LUIS SILVA SCHULTZE
ZARPES DESDE CATALUYNA
LOS DOMINGOS DE JUAN SEBASTIÁN ELCANO (1)
LA POLINESIA FRANCESA Y NUEVA ORLEANS
I
Las aguas de las islas de la Polinesia Francesa, con sus
veintisiete tonalidades de azul, están muy bien diferenciadas de las oscuras
aguas del mar abierto del Océano Pacífico, gracias a las formaciones de corales
que las rodean en forma de anillos. Cuidado: no confundir formaciones de
corales con formación coral que es un coro. Las formaciones de corales o
arrecifes de coral, explicado a bote pronto y sin que me lean en el Ipa, son
como muros levantados abajo del agua, no con cemento sino con el carbonato de calcio
que expulsan los corales. Mary estaba tan entusiasmada con el arrecife de Bora
Bora que me dejó por él. El entusiasmo de ella es comprensible por ver cómo la
naturaleza hace de ingeniera: el arrecife crea un ecosistema en
aquellas aguas transparentes y poco profundas, que podríamos llamar una
selva de mar por cómo se reproducen y crían muchas especies para regocijo de
turistas y pescadores, pero además, el arrecife protege la costa de la erosión
y de la sedimentación. ¿Qué sería de la economía de la Polinesia Francesa, uno
de los centros turísticos más caros del mundo, sin ese muro natural que existe en
algunas islas y que el hombre no puede recrear? A ese santuario, fiesta de
vida y color, llegan delfines, cachalotes, rayas, ballenas, tiburones y millones
de peces (como la zoología no es lo mío, sabía que existían peces de todos
los colores, pero para mí fue una sorpresa que la mayoría de
ellos reúnan gran cantidad de colores en diferentes formas asimétricas e
irregulares, y entonces, viéndolos en su conjunto,
parecen una murga cantando abajo del agua).
La Polinesia Francesa es una Colectividad de Ultramar
de Francia. Su territorio, que cuenta con tanta autonomía que prácticamente se
le considera a nivel internacional como un país, y que además cuenta con
el franco polinesio como moneda propia, tiene sólo 4167 kilómetros cuadrados de
superficie, correspondientes a sus casi mil islas, esparcidas en 2.500.000
kilómetros cuadrados de Océano Pacífico. Confeccionar un mapa de estas
características, con tierras tan dispersas en semejante volumen de
agua, fue una tarea muy difícil pero hermosa para los
cartógrafos del siglo dieciocho. Y si no lean a la escritora alemana Judith
Schalansky: “Los cartógrafos deberían reivindicar su oficio como un verdadero
arte poético y los atlas como un género literario de belleza máxima; en
definitiva, su arte es digno merecedor de la primera denominación que
recibieron los mapas: Theatrun orbis terrarum (Teatro del mundo)”.

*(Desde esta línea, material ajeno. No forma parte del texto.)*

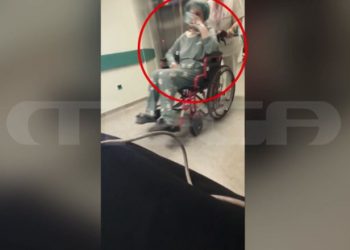 BINTEO NTOKOYMENTO από την επίθεση του 43χρονου στην έγκυο σύντροφό του με πιρούνι – Την κάρφωσε πάνω από 100 φορές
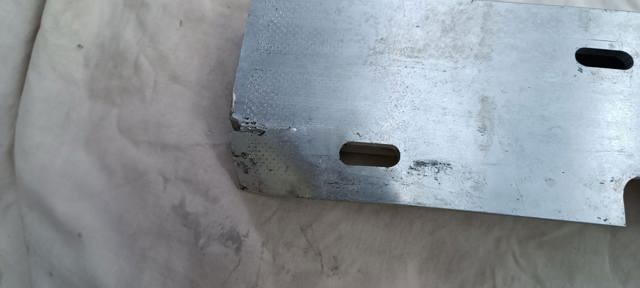 620305NA0A Nissan/Infiniti Refuerzo parachoque delantero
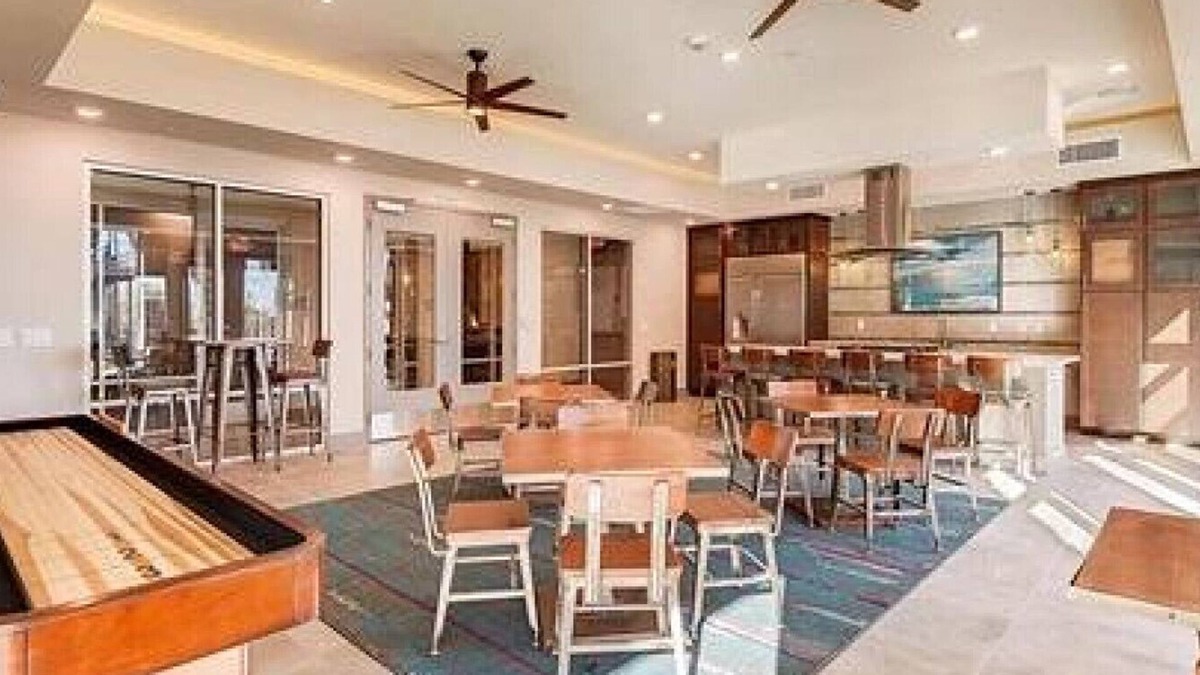 Rhodes Ranch Apartment | Landing at The Mercer - 2 Bedrooms in Rhodes Ranch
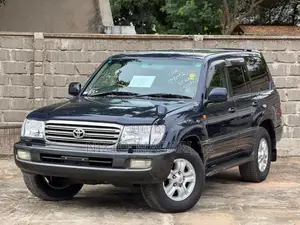 Toyota Land Cruiser 2004 Blue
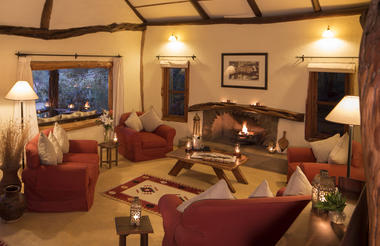 Mara House - Sundowners with the family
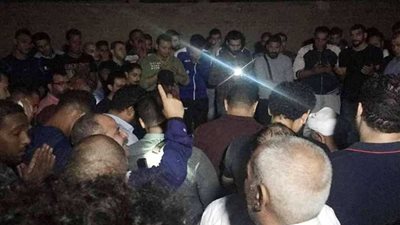 الإنتهاء من صلاة جنازة علاء علي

Las islas polinésicas (cuidado que no todas las islas son
paradisíacas) fueron fuente de inspiración para muchos novelistas, como el
escocés Robert Stevenson, que aunque solo llegó a vivir 44 años ("desde los treinta años no he tenido un solo día efectivo de salud
pero ni un solo día dejé de escribir"), llegó a crear fantásticas
novelas, poesías y cuentos sobre Los Mares del Sur. Las islas también
cautivaron a numerosos pintores, como el gran Paul Gauguin, que llegó a Tahiti escapando
del mercantilismo artístico de Paris, y que allí, en esa naturaleza exuberante
y salvaje por la que volaba el amor libre, pintó sus mejores telas retratando
sobre todo a la mujer maorí. Y hasta el mismo Marlon Brando, deslumbrado por
aquellos lugares, se compró una isla después de rodar "Rebelión a
bordo".
Llegamos a Papeete, capital de la isla de Tahití, a su
vez capital de la Polinesia Francesa, a las 12 y 30 de la noche, lo
que hubiera sido para nosotros el inicio del sábado 21 de noviembre, pero
como un rato antes el avión había cruzado el meridiano de cambio de día,
volvimos a vivir en el viernes 20. Pero no hay dos días iguales en la vida
aunque tengan la misma fecha: mientras que en Nueva Zelanda, habíamos
despertado en un confortable hotel, en Tahiti lo hicimos en los asientos
del aeropuerto, debido a que el barco que nos llevaría a la isla de
Moorea, nuestro primer paseo, salía a las siete de la mañana, y no valía
la pena trasladarse hasta un hotel en el centro de la ciudad a cinco
kilómetros. Por cierto, nos despertamos a las cuatro de la mañana
con el abrir de tiendas y el llegar ya de mucha gente, porque esa es la
hora en la que comienza la actividad diaria, antes de la salida del sol.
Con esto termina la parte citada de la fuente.